#### [TASK DESCRIPTION]
Make an exact copy of the listing below. Pictures stay out of it.

#### [DATA EXCERPT]
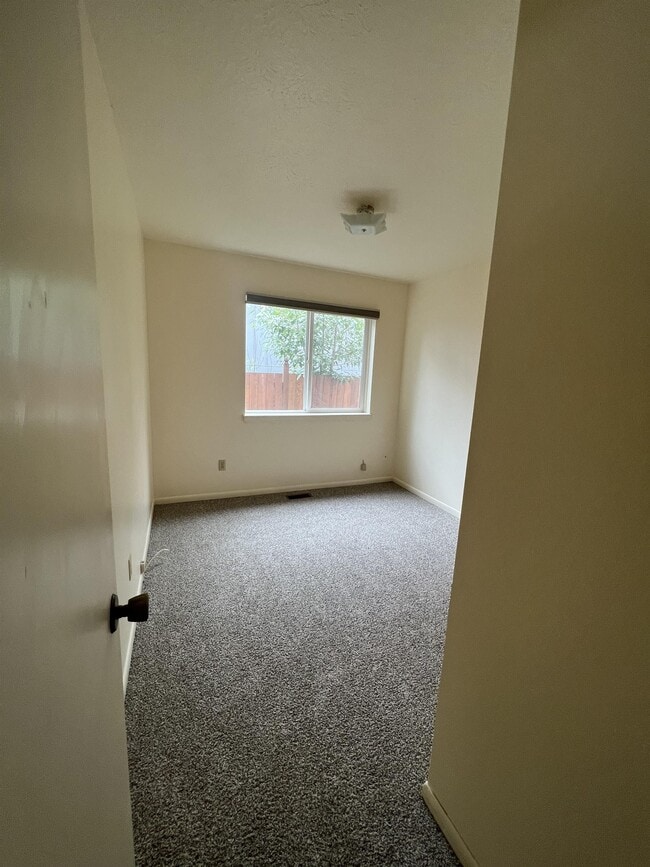Photo - 617 W Fern Ave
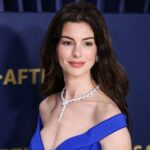 Anne Hathaway fica emocionada ao relembrar a estreia de 'Diário da Princesa'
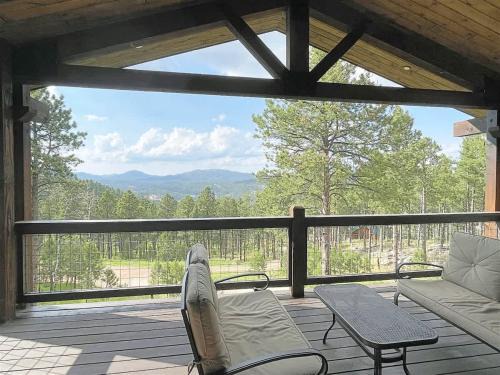 Hill City House | Bishop Mountain Lookout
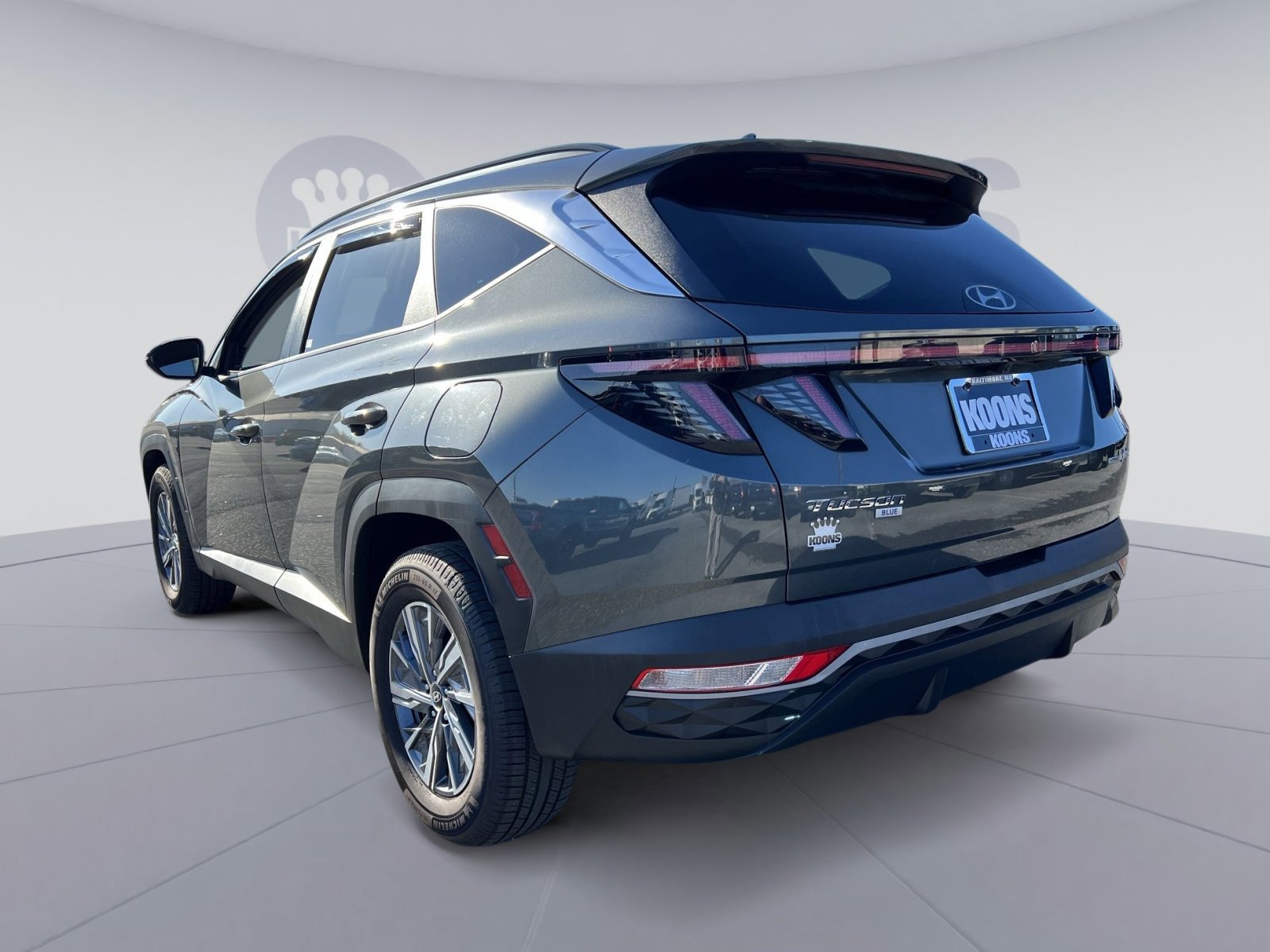 Used 2022 Hyundai Tucson Blue w/ Cargo Package image 5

#### [TASK RESPONSE]
Photo - 617 W Fern Ave
 Anne Hathaway fica emocionada ao relembrar a estreia de 'Diário da Princesa'
 Hill City House | Bishop Mountain Lookout
 Used 2022 Hyundai Tucson Blue w/ Cargo Package image 5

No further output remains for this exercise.